(Your goal): Set down, please, without alteration, the lines of the entries below from the first through the one containing "before-after1".

(Stored data):
↓↓↓
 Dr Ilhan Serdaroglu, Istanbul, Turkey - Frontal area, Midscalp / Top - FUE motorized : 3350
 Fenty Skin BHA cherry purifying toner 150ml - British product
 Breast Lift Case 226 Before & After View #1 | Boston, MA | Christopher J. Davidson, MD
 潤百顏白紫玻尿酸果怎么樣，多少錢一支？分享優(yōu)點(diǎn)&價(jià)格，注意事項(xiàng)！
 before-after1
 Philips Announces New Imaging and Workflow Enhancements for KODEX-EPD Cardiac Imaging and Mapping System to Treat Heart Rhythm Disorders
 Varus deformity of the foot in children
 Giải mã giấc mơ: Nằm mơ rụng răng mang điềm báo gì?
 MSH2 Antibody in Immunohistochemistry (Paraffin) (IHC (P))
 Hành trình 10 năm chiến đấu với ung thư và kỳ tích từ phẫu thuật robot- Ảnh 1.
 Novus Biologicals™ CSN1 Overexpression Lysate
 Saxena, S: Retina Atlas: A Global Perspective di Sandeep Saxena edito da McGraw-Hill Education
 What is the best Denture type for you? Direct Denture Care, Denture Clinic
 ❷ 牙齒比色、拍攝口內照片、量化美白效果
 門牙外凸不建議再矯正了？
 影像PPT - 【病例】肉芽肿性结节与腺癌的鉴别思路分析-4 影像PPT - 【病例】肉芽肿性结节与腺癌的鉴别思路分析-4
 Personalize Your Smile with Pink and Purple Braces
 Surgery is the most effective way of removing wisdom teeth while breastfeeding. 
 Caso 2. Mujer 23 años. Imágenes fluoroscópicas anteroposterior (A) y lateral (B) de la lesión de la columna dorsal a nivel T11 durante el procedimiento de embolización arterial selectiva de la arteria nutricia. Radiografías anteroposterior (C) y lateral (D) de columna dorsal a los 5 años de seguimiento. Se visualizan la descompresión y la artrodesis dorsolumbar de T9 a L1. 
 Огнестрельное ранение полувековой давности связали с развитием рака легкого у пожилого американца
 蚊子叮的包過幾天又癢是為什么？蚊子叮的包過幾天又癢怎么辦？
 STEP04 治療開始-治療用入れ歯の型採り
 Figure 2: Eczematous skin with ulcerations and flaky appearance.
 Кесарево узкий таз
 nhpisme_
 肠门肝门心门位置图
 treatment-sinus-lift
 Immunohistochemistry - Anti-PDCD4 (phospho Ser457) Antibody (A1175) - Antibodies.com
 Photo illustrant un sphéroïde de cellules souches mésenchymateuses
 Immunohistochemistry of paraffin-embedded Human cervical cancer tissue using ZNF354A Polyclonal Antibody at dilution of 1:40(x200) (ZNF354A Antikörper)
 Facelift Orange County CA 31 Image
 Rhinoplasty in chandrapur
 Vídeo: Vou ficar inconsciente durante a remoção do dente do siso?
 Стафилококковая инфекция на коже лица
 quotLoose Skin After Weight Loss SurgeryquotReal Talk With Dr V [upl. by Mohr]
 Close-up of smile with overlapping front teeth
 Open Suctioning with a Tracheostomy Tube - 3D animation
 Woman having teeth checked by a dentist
↑↑↑
(Result of the task):
 Dr Ilhan Serdaroglu, Istanbul, Turkey - Frontal area, Midscalp / Top - FUE motorized : 3350
 Fenty Skin BHA cherry purifying toner 150ml - British product
 Breast Lift Case 226 Before & After View #1 | Boston, MA | Christopher J. Davidson, MD
 潤百顏白紫玻尿酸果怎么樣，多少錢一支？分享優(yōu)點(diǎn)&價(jià)格，注意事項(xiàng)！
 before-after1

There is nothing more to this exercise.